Este sujeto había nacido en Túnez, pero algunos de los otros terroristas lo hicieron en Francia. El dato es importante. Casi todos los asesinos de las anteriores masacres francesas –ésta es la tercera en 18 meses—eran franceses cuyos padres inmigraron a París o a Marsella procedentes de naciones islámicas. El 72% de los musulmanes nacieron en Francia y a estas alturas deberían haberse asimilado, pero en muchos casos eso no ha sucedido.
¿Por qué? Francia es el país del occidente europeo con mayor número de musulmanes. Tal vez el 9% de su población profesa esa religión. ¿Son demasiados para asimilarse? De 66 millones de habitantes, unos 5 son mahometanos. En algunas ciudades constituyen guetos. En Estados Unidos, en cambio, es sólo el 1%. Apenas 3.3 en medio de 323 millones, y de ellos unos 825,000 son norteamericanos convertidos al Islam, casi todos de remoto origen africano.
Pero la gran diferencia tal vez radique en la intensidad de la integración.
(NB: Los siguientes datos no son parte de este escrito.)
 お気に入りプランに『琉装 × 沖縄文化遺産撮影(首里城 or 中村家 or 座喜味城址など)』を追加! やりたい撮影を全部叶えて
Los estadounidenses que profesan la religión islámica, árabes y no árabes, en su mayoría forman parte del melting-pot. Viven en los mismos barrios, van a las mismas escuelas y tienen un desempeño económico y académico mejor que la media norteamericana, mientras encuentran en esta peculiar sociedad la posibilidad de mejorar paulatinamente mediante el estudio, el trabajo y el ahorro. Para ellos Estados Unidos sigue siendo, realmente, una sociedad de oportunidades.
Es verdad que en ese país, como en todas partes, hay violencia racial, pero como demuestra la elección y reelección de Barack Hussein Obama, la tendencia de la nación es a la reducción de este flagelo y a la disminución progresiva del racismo. Contrario a la percepción popular, entre 1981 y 2014 las muertes de afroamericanos a manos de la policía ha disminuido a la mitad: de 0,41 por cien mil habitantes a 0,24. (La de los blancos, en cambio, aunque menor en número, se ha duplicado: de 0,08 a 0,14).
El episodio de Niza provoca, claro, furia, pero esa emoción es pésima para tomar decisiones. Es la hora de ver la situación con frialdad y poner los números sobre la mesa. La justicia es un plato que también, como la venganza, se toma frío y con la ley en la mano.